======== Exercise materials

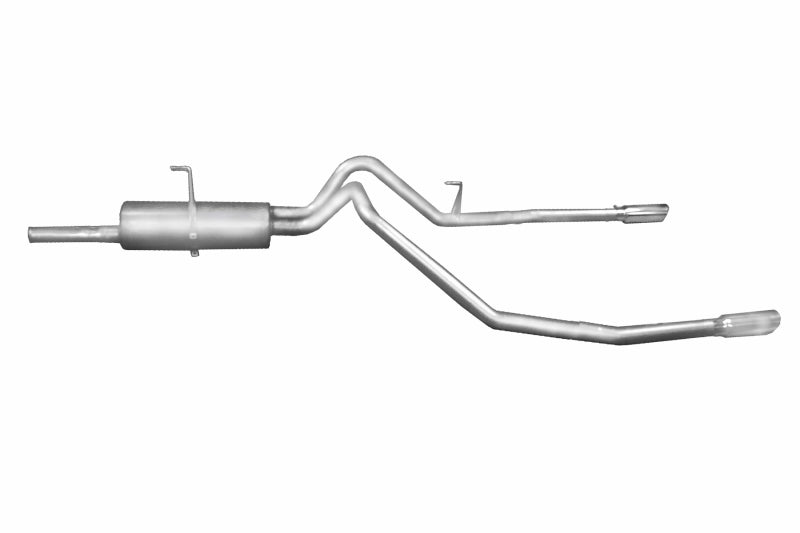 Gibson 03-06 Toyota Tundra SR5 4.7L 2.5in Cat-Back Dual Split Exhaust - Aluminized Catback Gibson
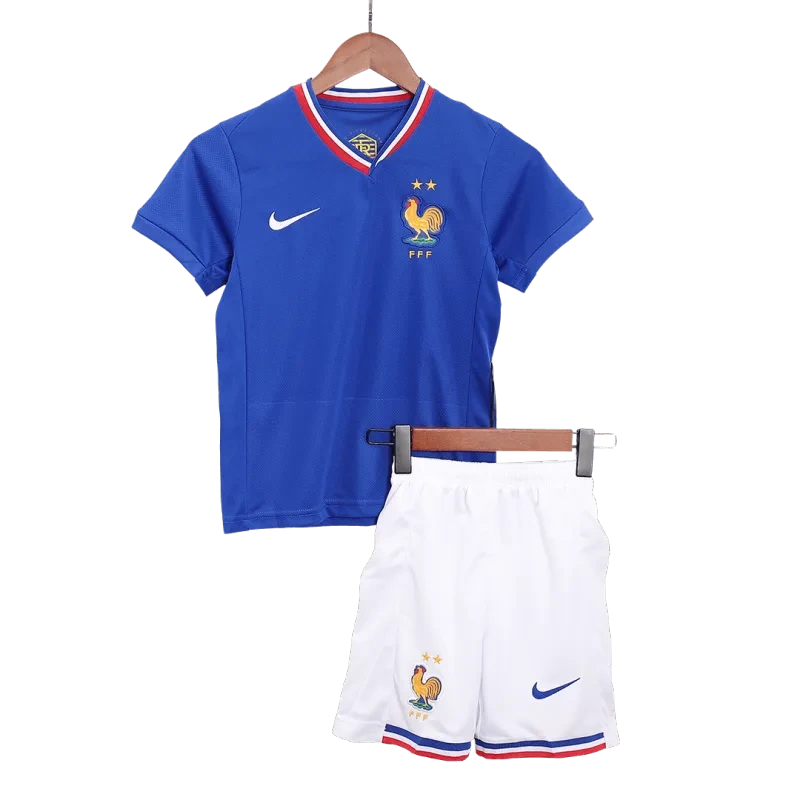 2024 Kids France Nation Home Kit Euro
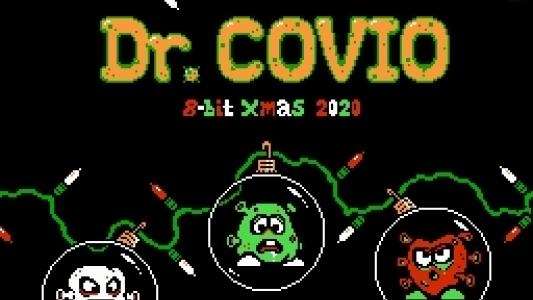 8-BIT XMAS 2020 titlescreen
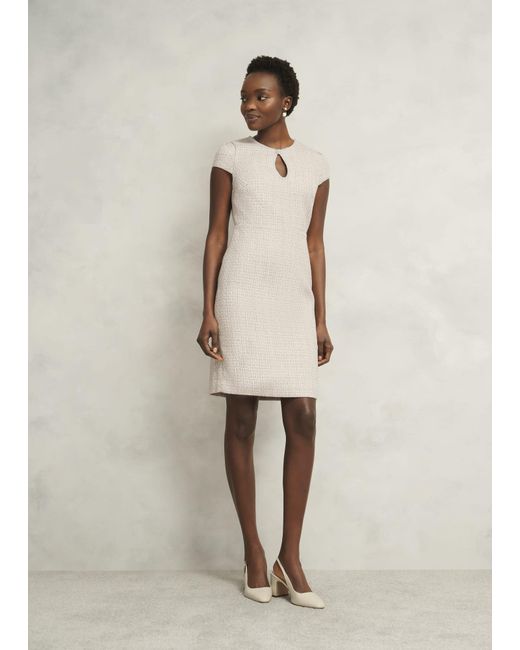 Hobbs Natural Oriana Tweed Dress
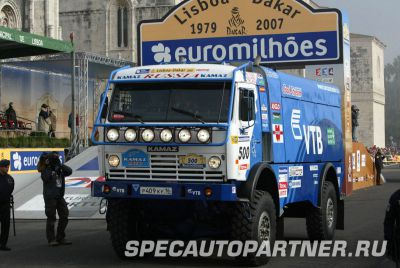 КАМАЗ занял второе место на Дакар-2007 КАМАЗ занял второе место на Дакар-2007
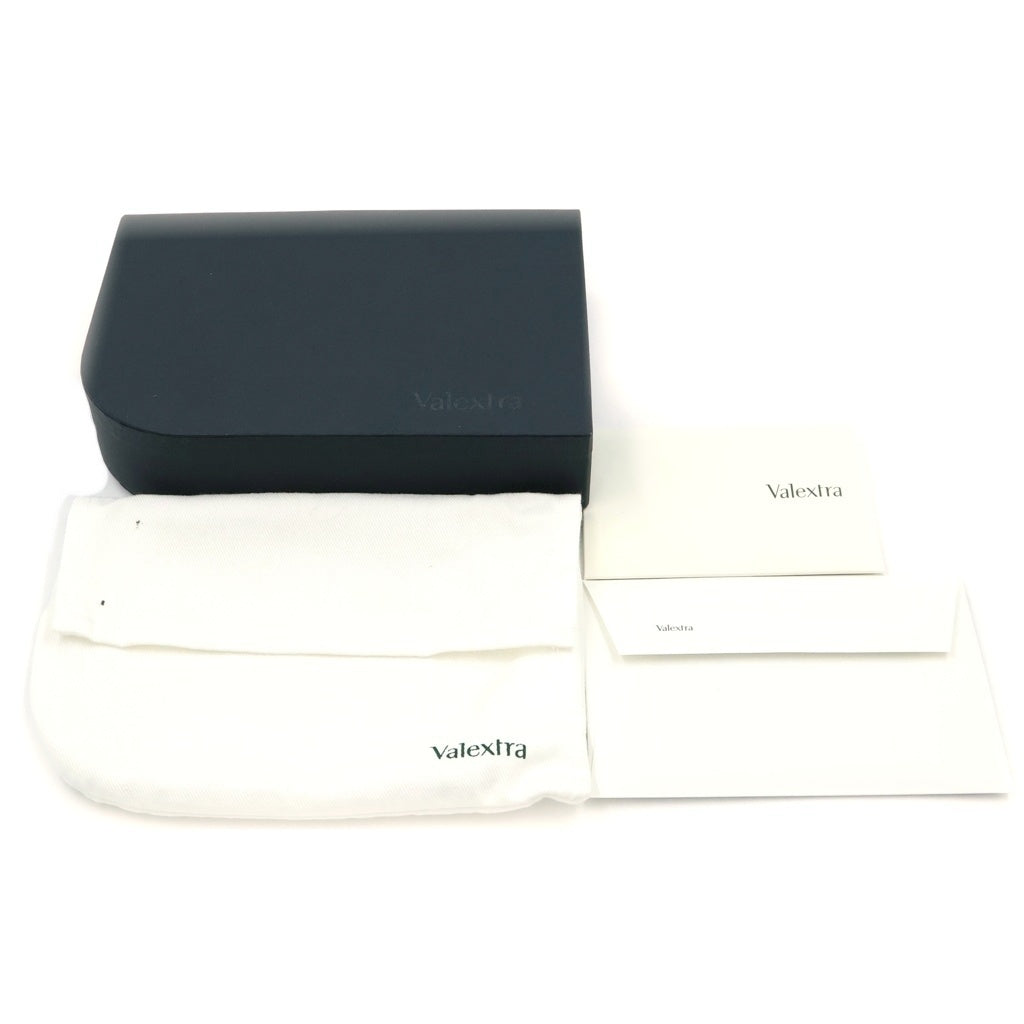 Valextra(ヴァレクストラ) Wallet 4Cc With Coin Holder レザーウォレット 二つ折り財布 コインケース Vカット ブラウン SGNL0023044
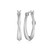 ELLE Jewelry - 25mm Rhodium-Plated Sterling Silver Swirl Collection Hoop Earrings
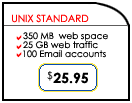 unix standard plan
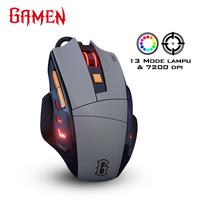 Gambar GAMEN Professional Mouse Gaming Wired GM300 7200 DPI Black Mouse USB RGB dari MULTIKOM ID undefined 2 Tokopedia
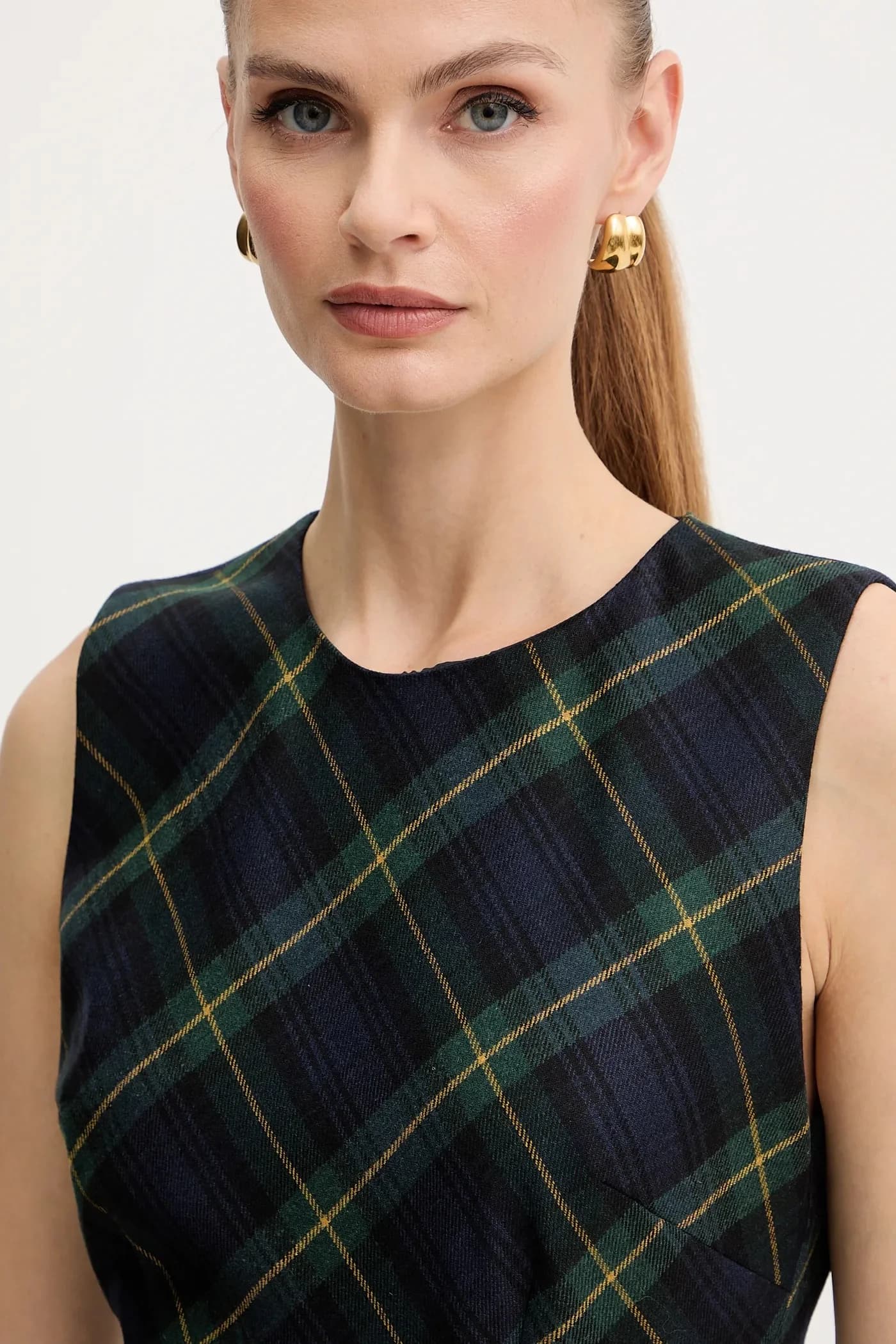 Платье из смесовой шерсти - фото 4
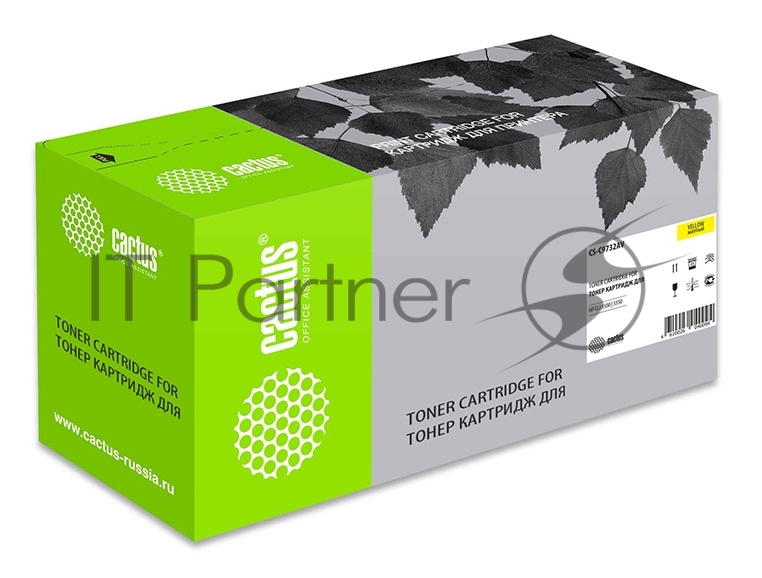 Картридж лазерный Cactus CS-C9732A желтый (12000 стр.) для HP Color LaserJet 5500/5550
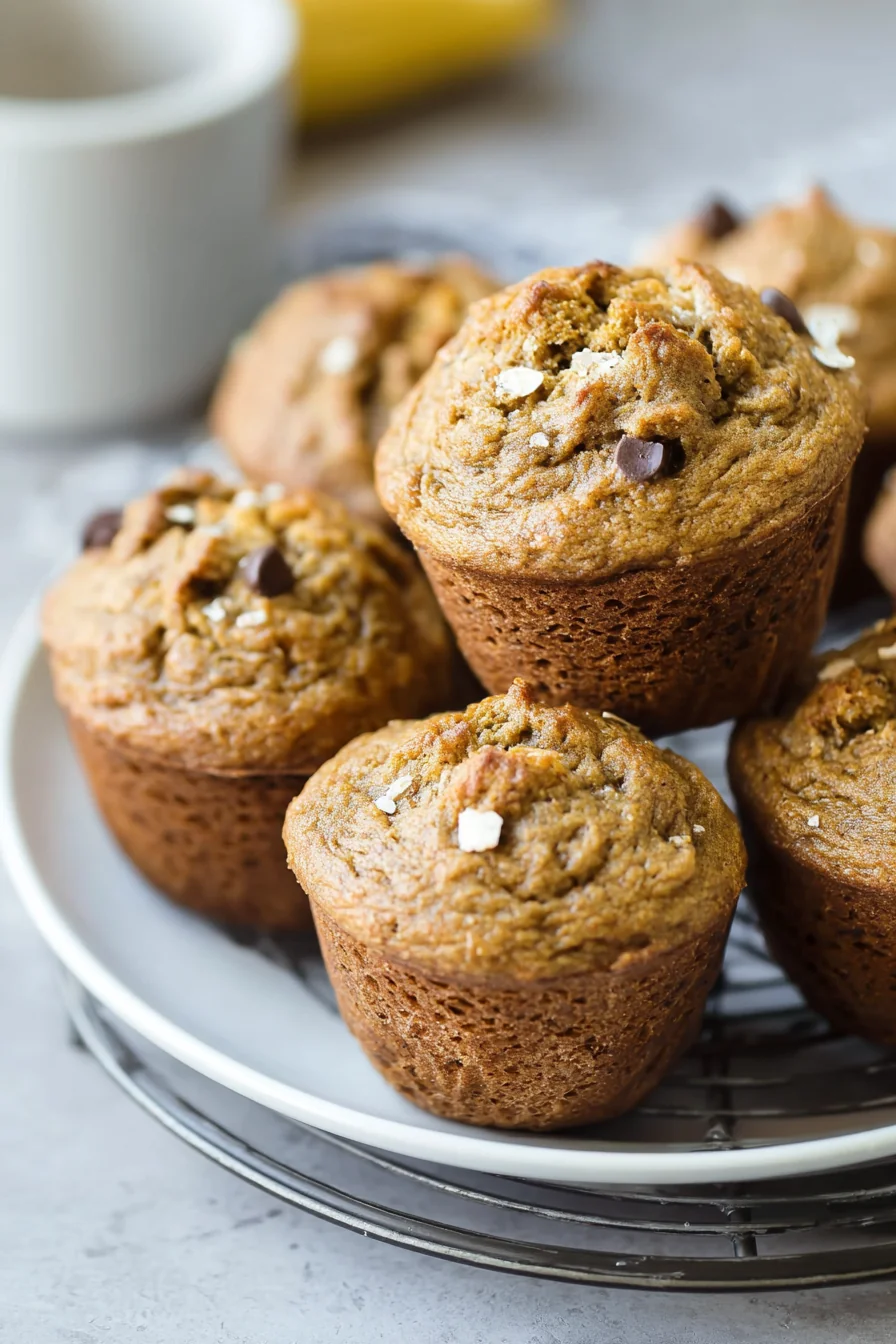 Oat Flour Banana Muffins - Image 1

================

What you should do:
Output each line of the records exactly. Any picture is skipped.

Written response:
 Gibson 03-06 Toyota Tundra SR5 4.7L 2.5in Cat-Back Dual Split Exhaust - Aluminized Catback Gibson
 2024 Kids France Nation Home Kit Euro
 8-BIT XMAS 2020 titlescreen
 Hobbs Natural Oriana Tweed Dress
 КАМАЗ занял второе место на Дакар-2007 КАМАЗ занял второе место на Дакар-2007
 Valextra(ヴァレクストラ) Wallet 4Cc With Coin Holder レザーウォレット 二つ折り財布 コインケース Vカット ブラウン SGNL0023044
 ELLE Jewelry - 25mm Rhodium-Plated Sterling Silver Swirl Collection Hoop Earrings
 unix standard plan
 Gambar GAMEN Professional Mouse Gaming Wired GM300 7200 DPI Black Mouse USB RGB dari MULTIKOM ID undefined 2 Tokopedia
 Платье из смесовой шерсти - фото 4
 Картридж лазерный Cactus CS-C9732A желтый (12000 стр.) для HP Color LaserJet 5500/5550
 Oat Flour Banana Muffins - Image 1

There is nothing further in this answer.